If we allow the extremely wealthy to have an extreme advantage in campaigns,
we'll end up with a government that only serves their interests. Why would we
expect anything else?

The solution to this is public funding of elections that puts all candidates
on an equal playing field, or at least overturning Citizens United and _only_
allowing direct donations under the maximum _including_ from yourself.

------
Bostonian
Excerpt at
[http://www.freerepublic.com/focus/f-news/3817721/posts](http://www.freerepublic.com/focus/f-news/3817721/posts)
.

------
athrowaway3z
Yesterday it struck me that a quality i look for in a leader is integrity.
E.g. their unwillingness to be bribed by wealth and luxury.

I think some Americans might be misinterpreting Trump's and Bloomberg's
position. Their personal wealth made them jaded, not immune or uninterested in
the idea.

------
animalnewbie
Here is what will happen : Bloomberg will be anointed the nominee.
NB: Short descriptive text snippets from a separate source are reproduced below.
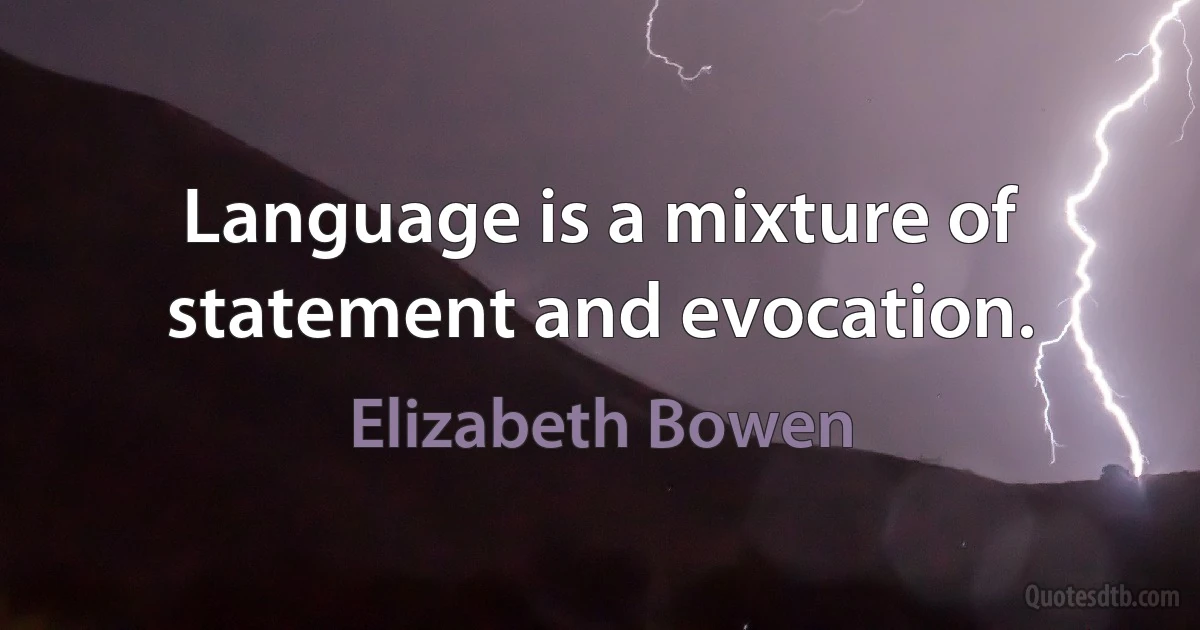 Language is a mixture of statement and evocation. (Elizabeth Bowen)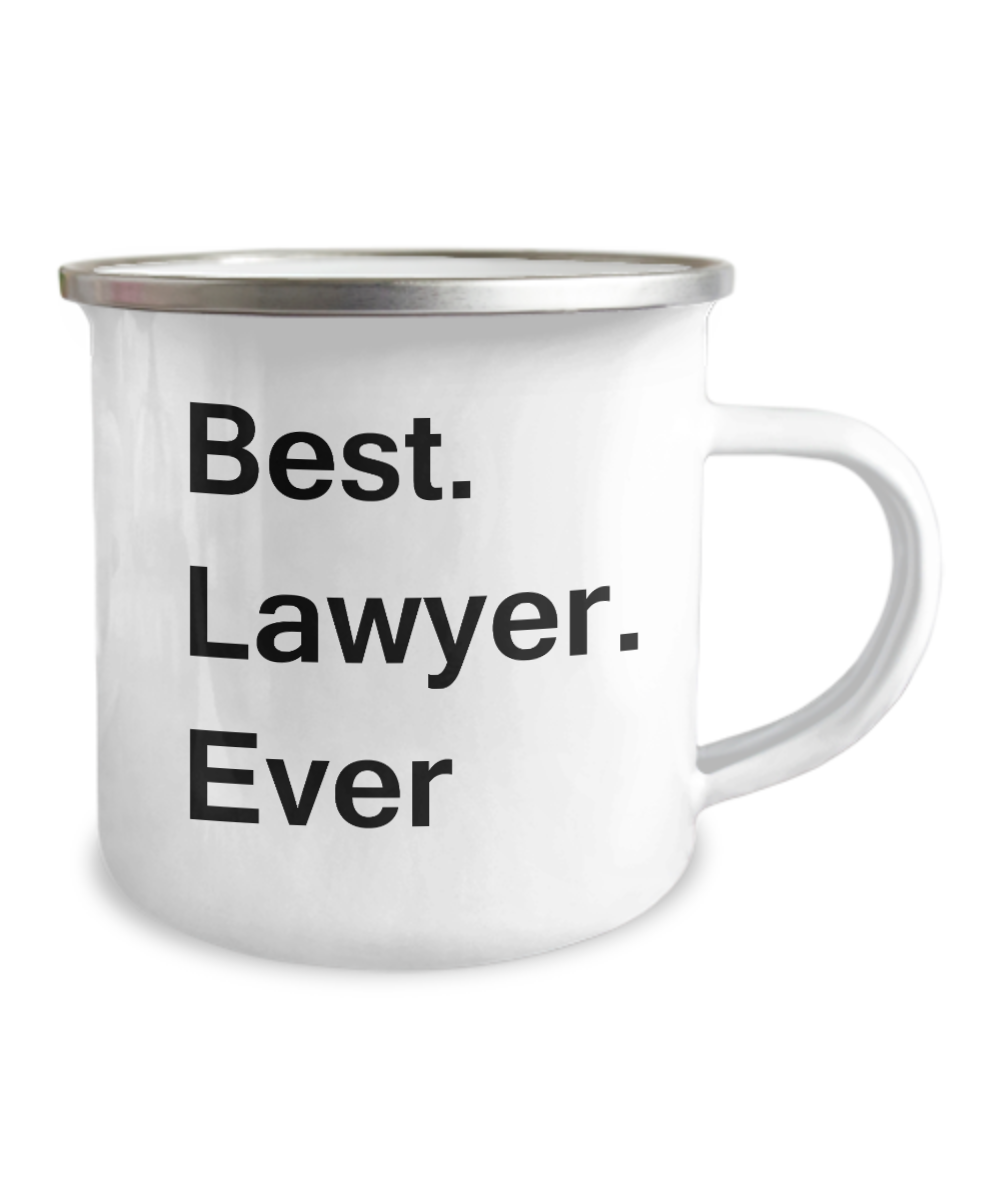 Best Lawyer Ever Coffee Mugs - Funny Valentine coffee mugs-12 Oz Stainless Steel Enamel Finish White Camper Coffee Mug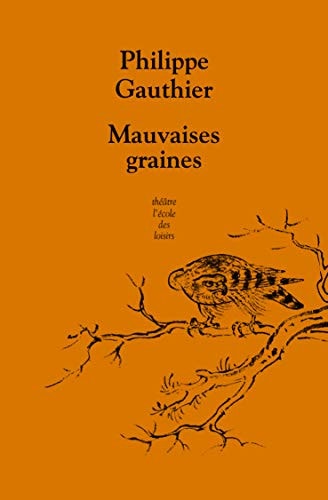 AUVAISES GRAINES, de Philippe Gauthier | portada del libro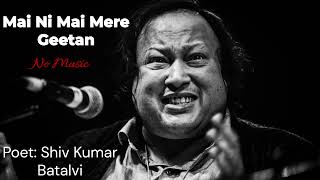 Mai Ni Mai Mere Geetan De Neena Vichoon  Nusrat Fateh Ali Khan [upl. by Manley]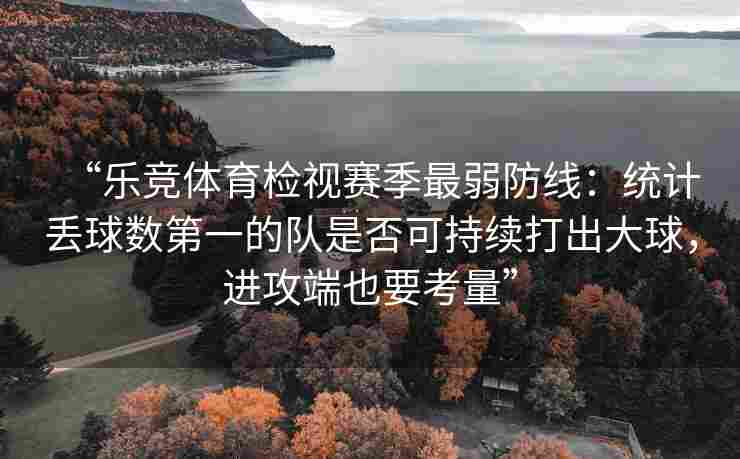 “乐竞体育检视赛季最弱防线：统计丢球数第一的队是否可持续打出大球，进攻端也要考量”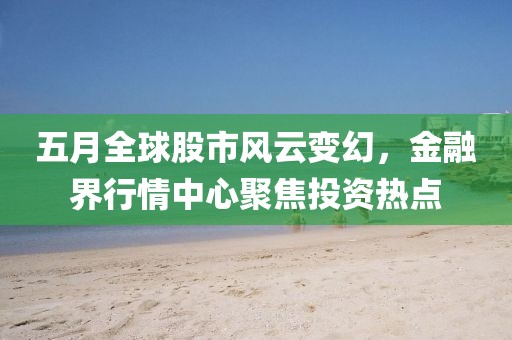 五月全球股市風(fēng)云變幻，金融界行情中心聚焦投資熱點(diǎn)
Trump will
win again and the democratic party will blame russya to deflect blame.

------
Anon84
Bloomberg is showing everyone how to beat Trump at his own game. Let's hope
they learn in time.

------
claudeganon
If Bloomberg succeeds in buying the election, we will never have another
president who isn’t a billionaire again. This is a far greater, long term
threat to American democracy than anything posed by the Trump administration’s
lawlessness.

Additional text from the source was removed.